O patrão é que não, naturalmente. Pois o patrão estaria confortavelmente instalado num tamborete no balcão do boteco do Everaldo, situado exatamente defronte sua movimentada borracharia. O patrão e seu indefectível copo de 51, sempre engolfado numa só talagada. O patrão e sua inesgotável verve poética para soltar pela profunda garganta o mais vasto caudal de bobagens, aboborinhas e fanfarronices, suficientes para carregar mil tonéis de aço a ser lançados ao espaço sideral para estudo por outras civilizações que eventualmente encontrassem a preciosa carga orbitando um planeta de longínqua galáxia.

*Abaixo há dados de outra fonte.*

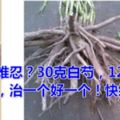 膝蓋疼痛難忍？30克白芍，12克甘草，農村土方，治一個好一個！快給家人存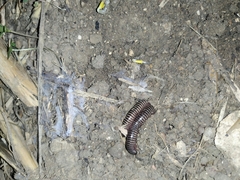 Ommatoiulus diplurus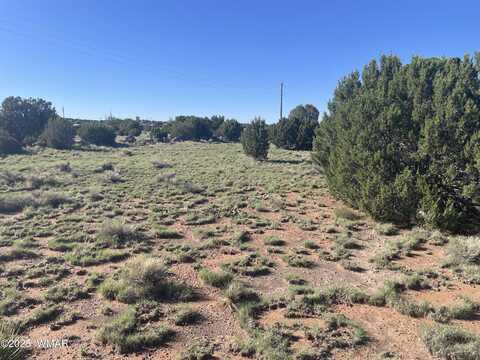 37 Frontage Road, Concho, AZ 85924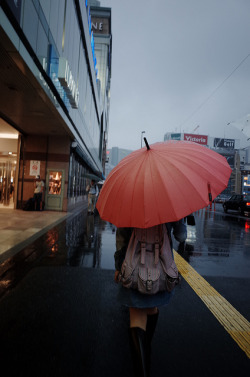 toshibu:  雨の一日 by kaz* on Flickr.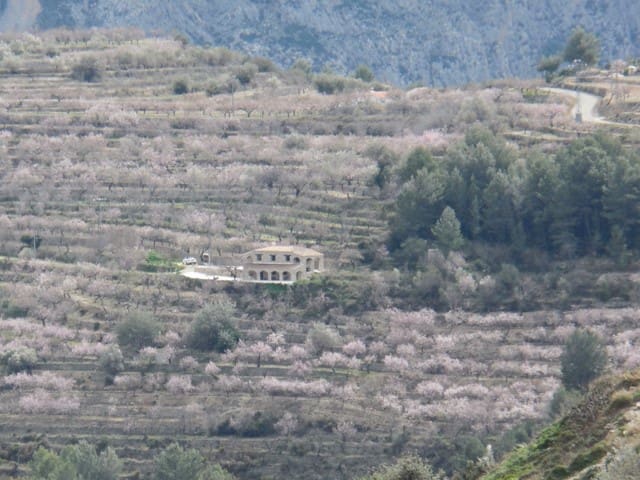 Finca/Casa Rural de 3 habitaciones en Tárbena en venta - 395.000 € (Ref: 9666388)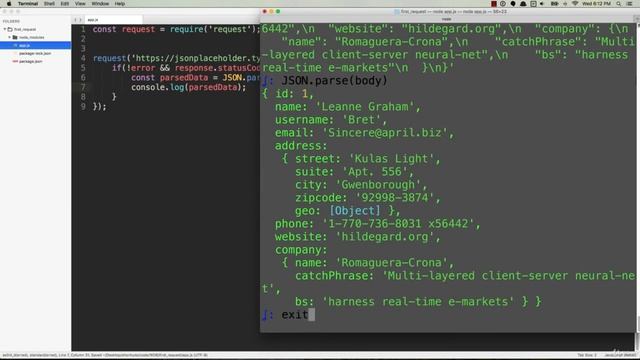 JSON Placeholder API Example смотреть онлайн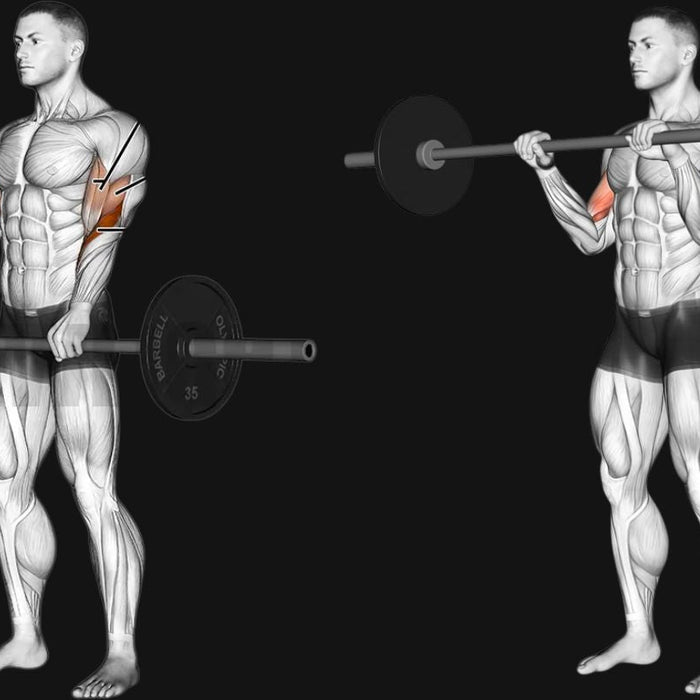 Reverse Barbell Curl: Stronger Forearms, Bigger Arms & Better Grip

Um patrão sempre pronto e disposto a disparar as mais grotescas cantadas às meninas e senhoras que cometessem a asneira de passar pela calçada bem à sua frente. Um patrão sempre de olho na esposa do Everaldo. Um patrão que teria ao seu lado Lulinha Jr., ainda frangote mas já se preparando não para aprender e praticar o digno ofício de borracheiro e estudar à noite para um dia ser alguém na vida, mas sim para seguir os passos tortos, os passos desvirtuados do pai e em breve se tornar um ronaldinho na arte da maracutaia. Um patrão... putz! chega de viajar. Acho que já deu para entender. (E quem estaria de fato viajando, na maionese, seria o patrão, claro, pois, como todo mundo sabe, nada mais apropriado para esse fim que subir a bordo duma boa garrafa de 51 e esquecer que existe freio...)
Bem, não pense que a borracharia ficaria ao deus-dará enquanto o nosso empreendedor-prodígio gastasse todo seu dia no balcão a usufruir das benesses de sua vocação epicurista. Afinal, o sujeito é um pândego mas não um tonto.

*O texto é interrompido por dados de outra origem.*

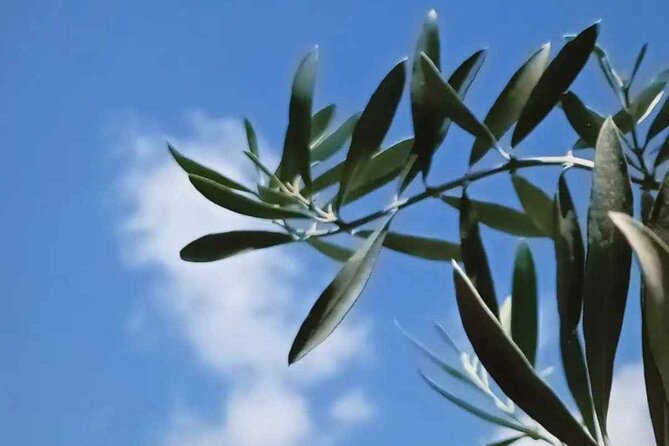 The Olive Oil Experience @ Lefkada Micro Farm - Why the farm setting improves the lesson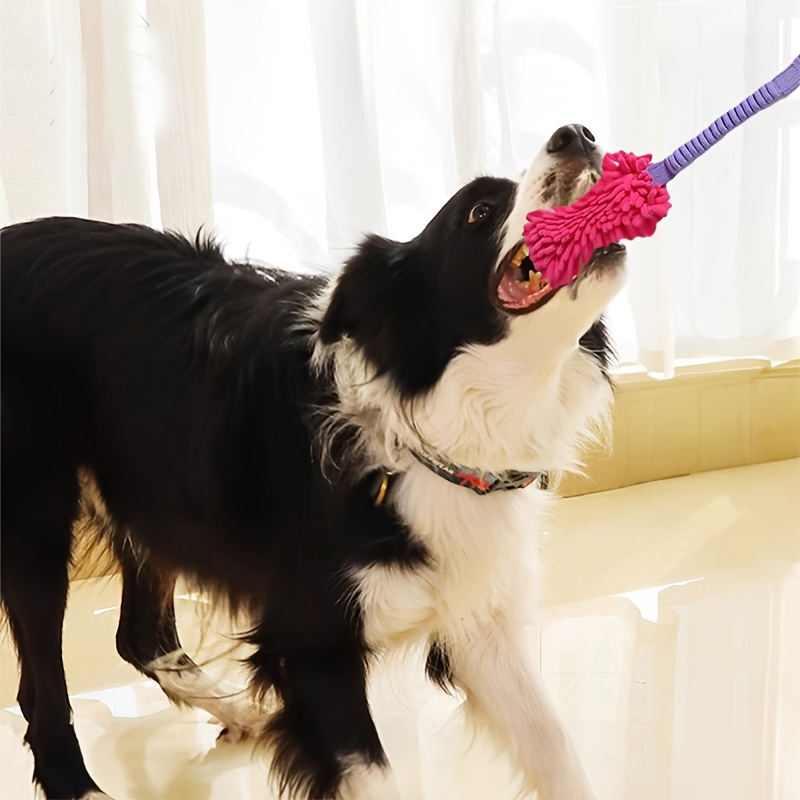 Jouets durables pour chiens po - Suction Cup Dog Tug Toy avis et prix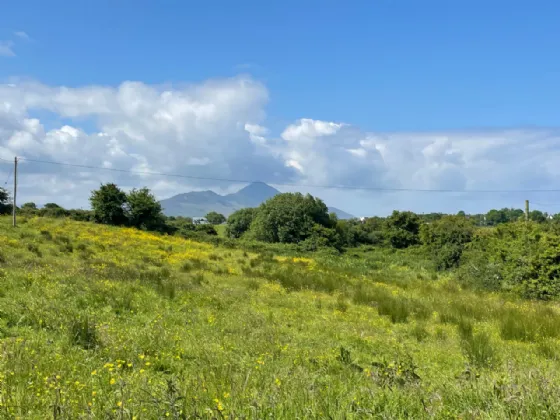 Photo of Cottage On 7.19 Acres, Sheeroe, Westport, Co Mayo, F28 XE24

O negócio estaria sendo bem cuidado nas mãos habilidosas, e ágeis, do grão-mestre dos artífices da borracheirisse — ninguém mais, ninguém menos que o notório Zé Olho-de-Sapo, que atuaria nos bastidores, digo, no banheiro dos fundos da borracharia como ajudante, assistente, assessor, auxiliar, secretário, adjunto e ministro, digo, laranja do patrão. Zé Olho-de-Sapo seria também encarregado de arregimentar uns meninos de rua para o trabalho sujo, qual seja,  zanzar para cima e para baixo pelas ruas vizinhas com pequenos pacotes de pregos nos bolsos, esparramando o bagúio pelas guias como quem semeia o pão-nosso de amanhã.  
E por aí iria esse nosso imaginoso – mas não tão mirabolante assim – conto de fodas.
E depois que a ideia da “profissão: borracheiro” nos enchesse de insuportável enfado, poderíamos partir para outras.
Que é que vocês sugerem?
Um lula jornalista? Só se algum de vocês tiver muito, mas muito mais imaginação que eu – a minha não daria conta dessa aventura.
Um lula padeiro? Psicanalista? Padre?
Já sei! Um daqueles ascetas que fazem voto de silêncio cedinho na vida e se dedicam à busca da verdade interior! Seria não só profissão mas também um belo dum castigo para o miserável.
Não! Espera! Esta é boa. Presidente. Presidente da República!
Sim! Vamos partir para o mais ambicioso exercício de imaginação de todos os tempos. Lula presidente! Lula...
Ai. Que frio medonho acaba de me congelar o estômago.
Acho que agora minha historinha que a princípio parecia tão promissora e salutar furou mesmo. (Nada a ver com os pneus da desventurada classe média brasileira.)
Lula presidente... Não, não me atrevo a tanto.
E não teria forças. Nem imaginação.
Precisaríamos da ajuda de alguns dos verdadeiros bambambãs da literatura. Imaginar Lula presidente seria tarefa para um Gabriel García Marques. Ou um João Guimarães Rosa. Ou – apelemos logo ao maioral – Machado! Ou os três juntos...
Imaginar Lula presidente... Deus meu, que dantesca visão nubla meus olhos. Meu coração aflito chegou a paralisar por intermináveis segundos.
Lula presidente.
Já imaginou?
Estou tentando. Mas sou incapaz.
Quem diria, um sujeito tão imaginativo feito eu...
Jesus, acho que acabei de arrumar um belo trauma para esta minha frágil cabecinha de vento.